→ Data section
┌──

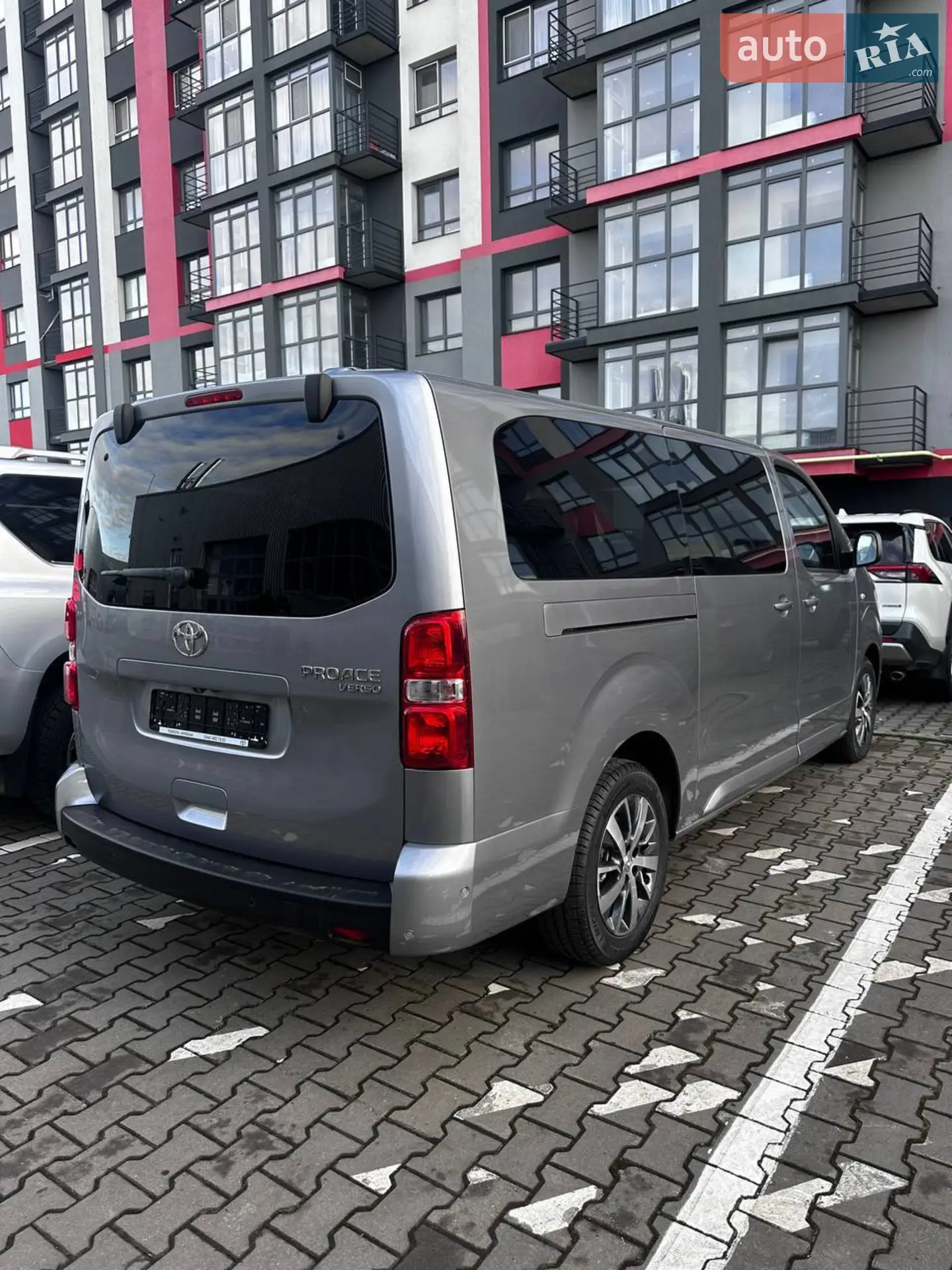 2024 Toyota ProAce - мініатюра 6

└──
┌──

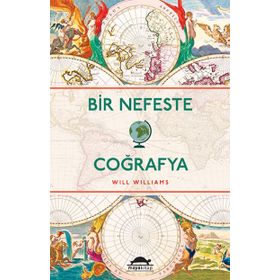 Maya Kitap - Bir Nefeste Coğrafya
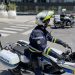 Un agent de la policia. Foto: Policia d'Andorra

└──

→ Exercise description
Look above for the line with "Maya Kitap - Bir Nefeste Coğrafya" and the line with "Un agent de", then copy them and all lines in between exactly as written, and only those, without any pictures.

→ Problem solution
 Maya Kitap - Bir Nefeste Coğrafya
 Un agent de la policia. Foto: Policia d'Andorra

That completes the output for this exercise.